University Pleaded Guilty to Criminal Charges of Safety Violation


A radioactive phosphorus used in DNA research, was discovered to be missing five days after it was delivered to the department of biochemistry at Cambridge University in March 1998. It was never found. Cambridge has pleaded guilty to five of a total of eight charges brought by the HSE and Environment Agency, including three brought earlier this year in Cambridge Magistrates Court.

Cambridge was given a one-year conditional discharge for three breaches of health and safety law at Chelmsford Crown Court last week. Mr Justice McKinnon, who declared an interest as a Cambridge graduate, did not fine the university but awarded full legal costs of £22,000 against it.

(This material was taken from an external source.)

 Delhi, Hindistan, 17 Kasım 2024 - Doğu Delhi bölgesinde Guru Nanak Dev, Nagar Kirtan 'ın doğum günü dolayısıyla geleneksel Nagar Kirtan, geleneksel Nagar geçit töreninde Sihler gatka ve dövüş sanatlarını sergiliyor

A HSE spokesman said he had encountered many incidents in the past ten years of universities and research institutions displaying "arrogance and complacency" with regard to health and safety. "We have recognised this as a phenomenon in our work. Though we wouldn't say the whole community was like that, it happens," he said. In 1995, stocks of deadly anthrax bacteria were destroyed after the HSE discovered it was being handled in a substandard laboratory. In 1998, the HSE also expressed concern about "the management of health and safety … in the university as a whole".

Lessons Learned

Many kinds of hazardous substances are used in university academic and research activities. The prosecution of the Cambridge University should be taken as a strong message by the university community to have proper systems in place for the management of radioactive substances and other hazardous materials in order to protect the health and safety of staff, students, community members and the environment.